Ella era rubia y yo morena, y en aquel instante, si hubiese sido un hombre, me habría enamorado de ella. A pesar de ello, creo que dejé escapar un gritito de asombro; y cuando giró su brillante y omnisciente mirada hacia mí, temí desmayarme.
—Vlad, Vlad —dijo con una voz profunda como el lago Hermanstadt y suave como el humo—. ¿Me vas a privar del placer de presentarme a esta encantadora dama?
La pregunta hizo que me brotaran lágrimas, pues sabía que tenía aspecto de cadáver andante y no era en absoluto hermosa. Su dulzura me emocionó, y conseguí ofrecer una trémula sonrisa mientras Vlad, sorprendentemente sin protestar, se inclinó de inmediato y dijo:
—Condesa Elisabeth Bathory de Csejthe. ¿Me concede el honor de presentarle a mi sobrina, Zsuzsanna Dracul?
Elisabeth extendió una mano enguantada, maravillosamente perfumada y, para mi completa sorpresa, cálida. La tomé y, con dificultad, realicé una pequeña reverencia mientras le decía a Vlad:
—¿No Tsepesh? ¿Has, entonces, eliminado el apellido por completo?
Asintió solemnemente. Su ira parecía haberse evaporado por completo, como si de hecho no estuviese seguro de reprenderme delante de aquella mujer al ver que mi presencia le agradaba.
—Mientras vivía, era conocido como el Empalador, el tsepesh.
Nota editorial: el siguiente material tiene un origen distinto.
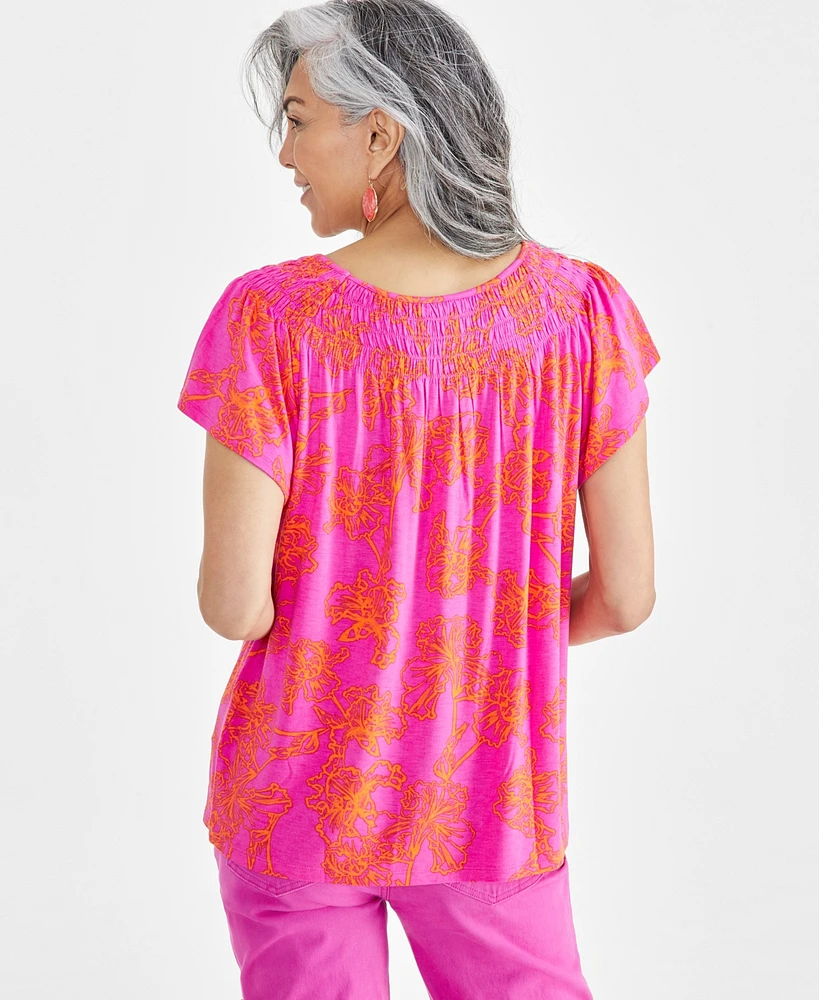 Style & Co Petite Iris Dreams Printed Smocked-Neck Flutter-Sleeve Top, Created for Macy's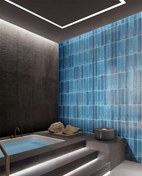 تصویر کاشی مترویی آبی آسمانی بلو اسکای سرامیتو 7.5*30 پرسلان براق 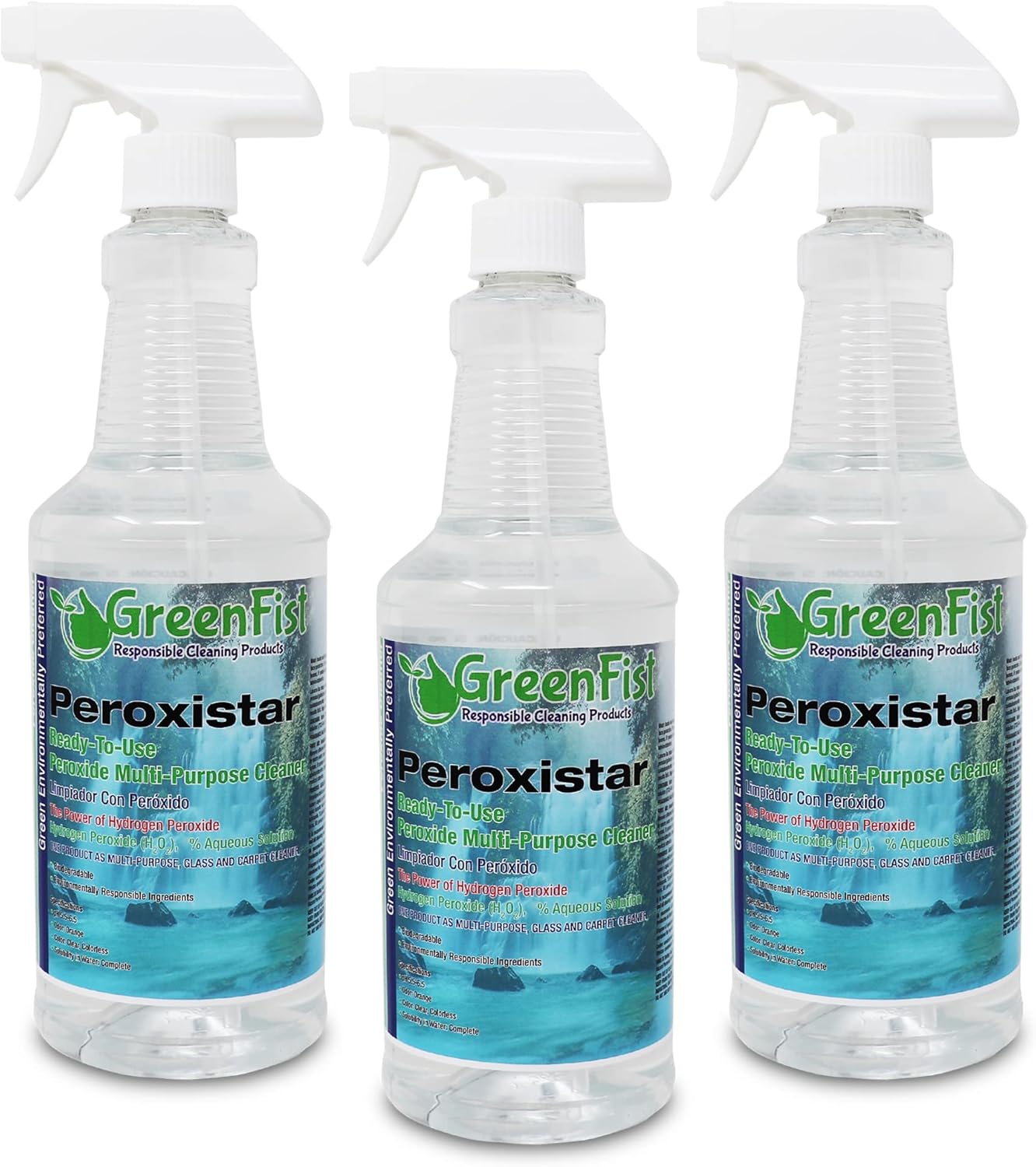 GreenFist PeroxiStar Hydrogen Peroxide All Purpose (Glass, Carpet,Stain Remover) Cleaner (1 Quart, 32 oz - 3 PACK)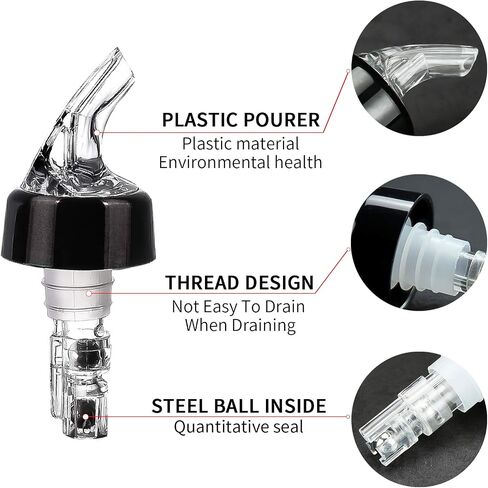 Automatic Measured Bottle Pourers Pack of 12 Liquor Bottle Pourers 1 oz (30 mL) Quick Shot Spirit Measure Wine Pourer Spouts Drinks Wine Cocktail Whiskey Dispenser Bartender Home Bar Tools (12pcs) in Saudi Arabia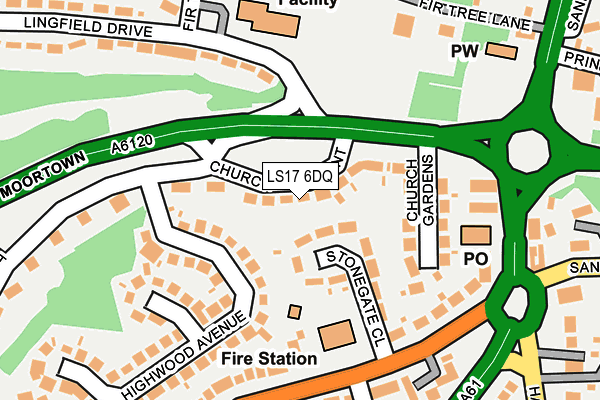 LS17 6DQ map - OS OpenMap – Local (Ordnance Survey)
Pero ahora que soy inmortal, tengo otros intereses, y me place más ser conocido como Drácula: el hijo del diablo.
—¿De modo que el Dragón es de hecho un diablo? —preguntó Elisabeth con coquetería para a continuación echarse a reír (un sonido tan dulce como su perfume).
Pero guardó silencio y se giró hacia mí en el momento que murmuré:
—Tu mano. Está cálida… ¿eres un vampiro o uno de los vivos? Eres demasiado hermosa para ser mortal…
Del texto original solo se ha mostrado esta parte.